Back in ‘05, Killeedy of West Limerick captured the Limerick County JBHC silverware.

Defeating Bruree in the title decider, Killeedy celebrated glory into the early hours in an “accommodating local hostelry” as organising chairman John Magner roguishly put it.

However, while enjoying a “quiet few pints” Magner, his teammates and management had a moment of clarity which led to the generation of a wonderful initiative, as he explains.

“We were all enjoying our night but soon realised that this was it in terms of how far the team in competition could go in that season,” Magner said. “At the time, then GAA President Seán Kelly had introduced provincial and All-Ireland championships at Junior A levels in both codes.

“But there was none for Junior B county winners.

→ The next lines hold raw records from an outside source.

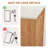 5-Drawer Dresser with Curved Grooves & Gold Handles, Modern Storage Tower for Bedroom, Living Room, Hallway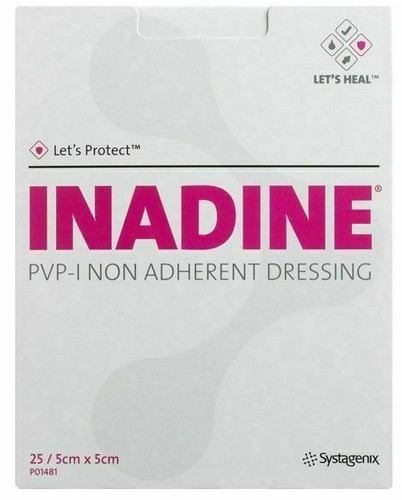 Inadine iodine dressings all - dressings, |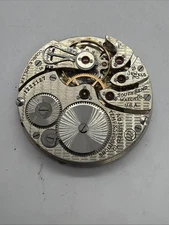 South Bend 21 Jewel 227 Adjusted 5P Railroad Pocket Pocket Watch Movement Runs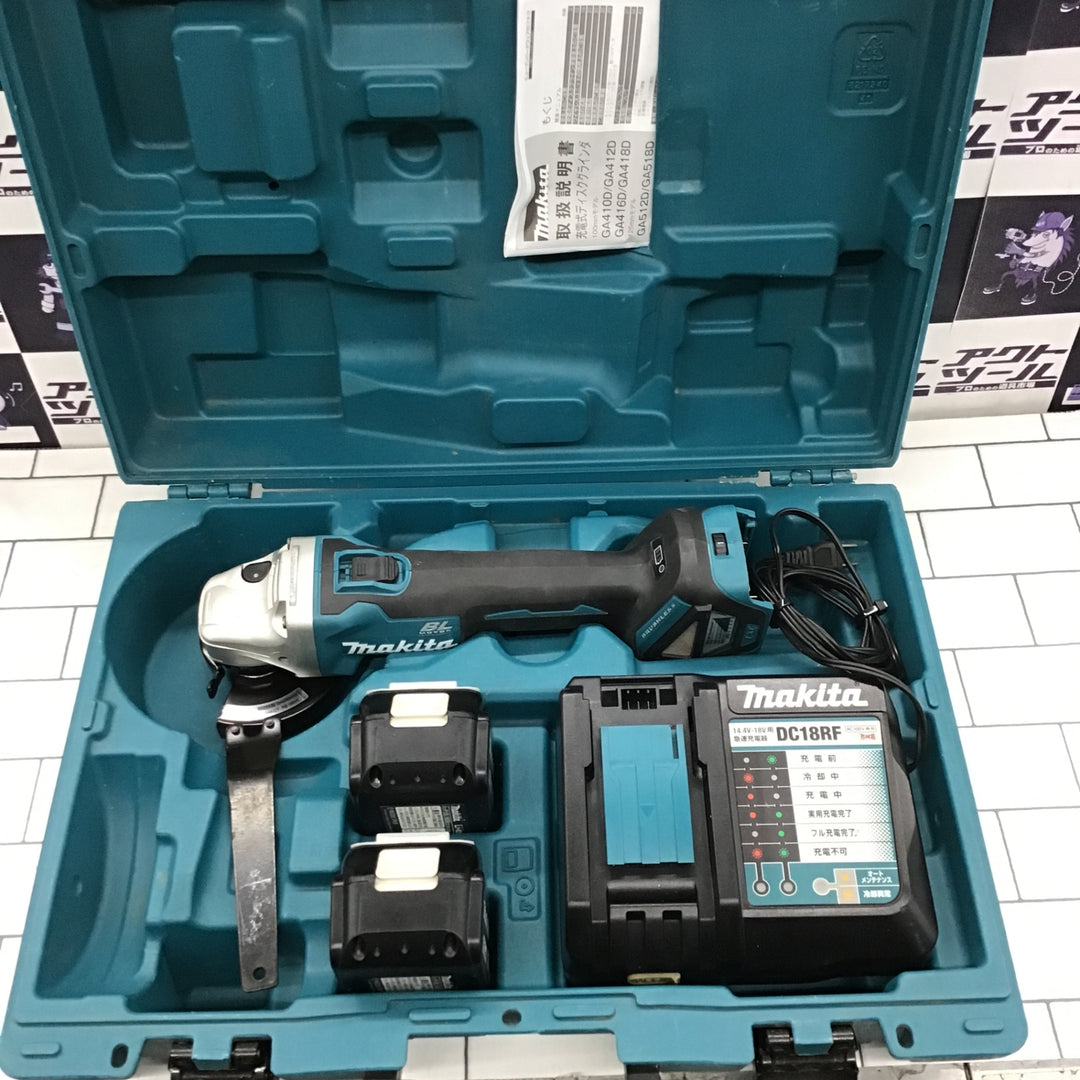 ★マキタ(makita) 100mmコードレスディスクグラインダ GA412DRGX【所沢店】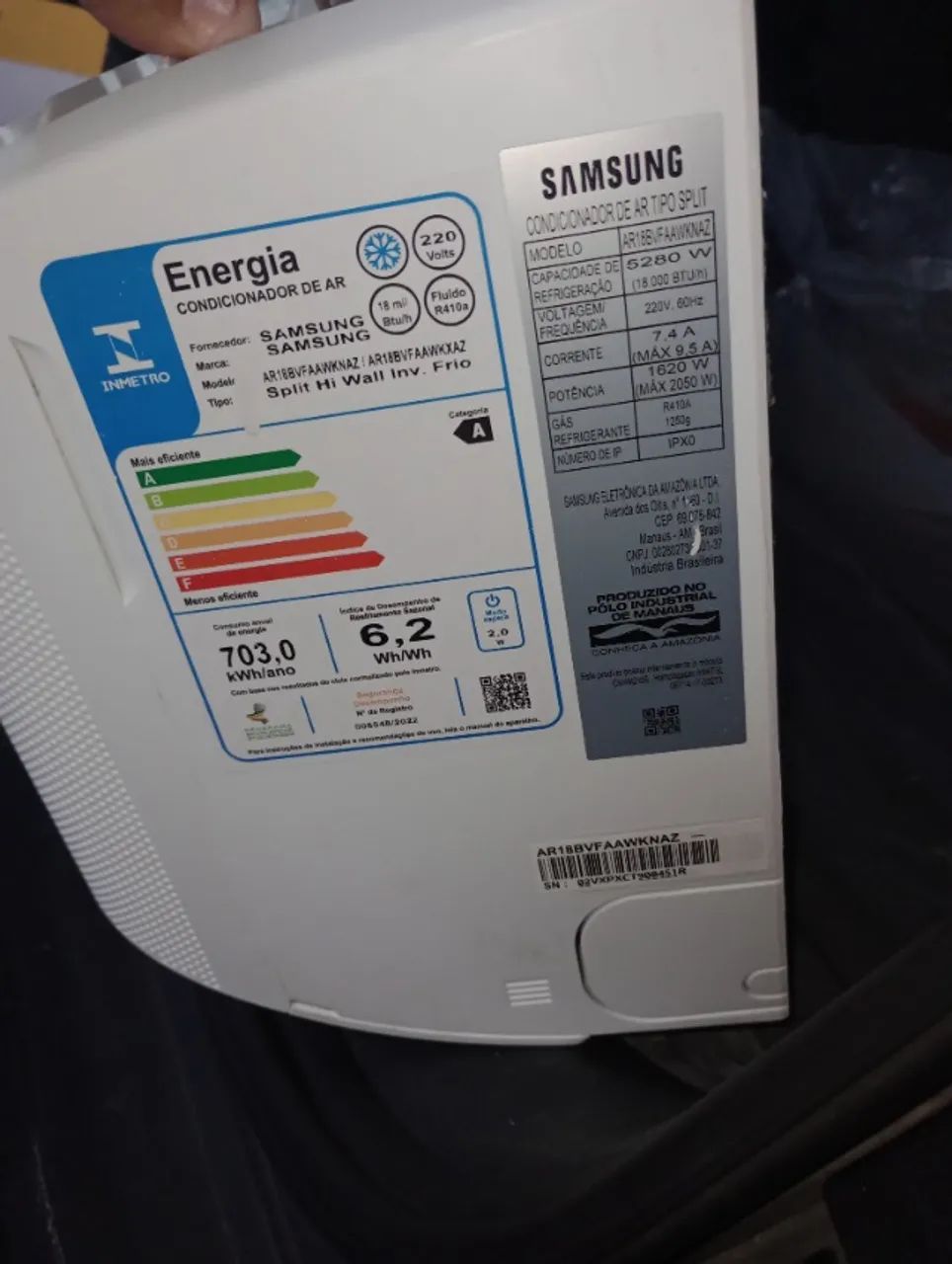 Evaporadora de ar-condicionado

The Killeedy GAA Perpetual Cup.

“So we decided there and then to pitch the idea of creating provincial championships and an All-Ireland series at this particular level to the Munster Council and Croke Park.

“Off our own backs, Killeedy were suddenly attempting to run Munster, Leinster and All-Ireland competitions.

“And, thankfully, the powerbrokers were really supportive of the idea and have been ever since.”

The 2015/16 version of the competition begins this weekend with the provincial quarter-finals.

Basically, there is the Munster and Leinster championships, the latter which includes the Galway representatives and now, for the first time this year, also houses the Meath and Antrim champions.

“It’s absolutely fantastic that we have northern representatives now too this year.

“Michael Davitt’s of the Falls Road in Belfast will be involved in the Leinster championship which is superb, as is, obviously, the fact the Meath champions, Kildalkey, will be as well,” Magner outlined.

The finalists of both provincial campaigns go forward to compete in the All-Ireland series, with the Munster victors meeting the runners-up in Leinster and vice versa.

The current All-Ireland champions and holders of The Killeedy GAA Perpetual Cup, Doon of Limerick, were defeated by Killenaule in the Munster final before reversing the form with their Tipp-based counterparts in the national showpiece.

The inaugural Munster final was contested by Cork’s St James, Ardfield and Killeedy with the former club prevailing.

However, Killeedy were still hugely proud of their achievements at the time.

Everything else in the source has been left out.